Мы с Ришаром двинулись навстречу, но у них явно не было желания вступать с нами в контакт. Уполномочили Пятницу вести дипломатические переговоры. Пастухи оказались рендилле – стройные красавцы, молчаливые, сдержанные. Опершись на копья и застыв в скульптурных позах, они смотрели на наши любопытные физиономии с тем же достоинством, с каким львы глядят на визитеров в заповеднике Серенгети.
Когда жара спала, мы свернули лагерь и загрузили ослов. Я же прошел метров сто до того места, где скалистый берег круто обрывался, чтобы зачерпнуть воды в пластмассовую флягу – химик Кюфферат просил доставить ему для анализа пробу из озера Рудольфа. Я отнесся к заданию со всей серьезностью и благоговейно опустил флягу в воду.
Через холмы и поля черного базальта тянулась тропа, ставшая после Лонджерина для нас нитью Ариадны. В сумерках она привела к южной оконечности Рудольфа. Здесь в сушу на несколько километров врезалась обширная бухта с совершенно ровными параллельно идущими берегами. Было ясно, что в этом месте в земной коре опустился клин.
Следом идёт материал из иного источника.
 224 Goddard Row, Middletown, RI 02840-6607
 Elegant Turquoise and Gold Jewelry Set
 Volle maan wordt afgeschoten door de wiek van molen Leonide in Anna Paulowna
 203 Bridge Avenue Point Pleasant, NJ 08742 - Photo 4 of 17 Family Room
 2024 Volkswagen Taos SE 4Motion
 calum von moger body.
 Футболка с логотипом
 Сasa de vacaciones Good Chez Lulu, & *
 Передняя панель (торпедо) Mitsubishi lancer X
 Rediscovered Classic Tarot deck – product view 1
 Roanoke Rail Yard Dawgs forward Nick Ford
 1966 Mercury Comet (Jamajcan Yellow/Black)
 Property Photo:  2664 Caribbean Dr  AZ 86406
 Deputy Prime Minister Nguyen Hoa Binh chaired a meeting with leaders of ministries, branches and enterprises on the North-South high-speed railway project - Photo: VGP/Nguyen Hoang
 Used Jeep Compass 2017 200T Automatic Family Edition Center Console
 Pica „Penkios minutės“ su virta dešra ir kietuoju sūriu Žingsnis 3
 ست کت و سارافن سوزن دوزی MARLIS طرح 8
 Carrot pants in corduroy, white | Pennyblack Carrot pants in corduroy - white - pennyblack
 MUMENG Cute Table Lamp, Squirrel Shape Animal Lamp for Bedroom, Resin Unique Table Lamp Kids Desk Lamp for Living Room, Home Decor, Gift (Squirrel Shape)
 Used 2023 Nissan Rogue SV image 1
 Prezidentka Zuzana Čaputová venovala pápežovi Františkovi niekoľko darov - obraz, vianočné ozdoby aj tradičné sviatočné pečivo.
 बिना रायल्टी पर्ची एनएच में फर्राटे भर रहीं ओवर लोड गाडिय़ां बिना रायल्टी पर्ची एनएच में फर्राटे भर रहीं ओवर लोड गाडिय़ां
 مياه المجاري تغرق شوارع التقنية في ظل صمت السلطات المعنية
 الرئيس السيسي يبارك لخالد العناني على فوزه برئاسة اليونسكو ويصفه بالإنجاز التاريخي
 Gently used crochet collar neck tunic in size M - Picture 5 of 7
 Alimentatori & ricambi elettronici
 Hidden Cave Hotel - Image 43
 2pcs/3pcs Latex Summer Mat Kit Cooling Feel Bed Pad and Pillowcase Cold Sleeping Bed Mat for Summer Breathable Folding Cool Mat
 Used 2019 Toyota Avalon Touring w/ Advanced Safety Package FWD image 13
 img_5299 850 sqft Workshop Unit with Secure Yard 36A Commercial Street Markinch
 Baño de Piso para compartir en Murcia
Подошедший высокий с нежным лицом туркана сказал, что бухта называется Лотарр и что там полным-полно крокодилов. Его маньятта стояла неподалеку. На противоположном берегу в ста метрах поднимался правильный конус потухшего вулкана, который мы заметили еще накануне. Он назывался Набуятом – «Место боевого рога»… Там мы и стали лагерем.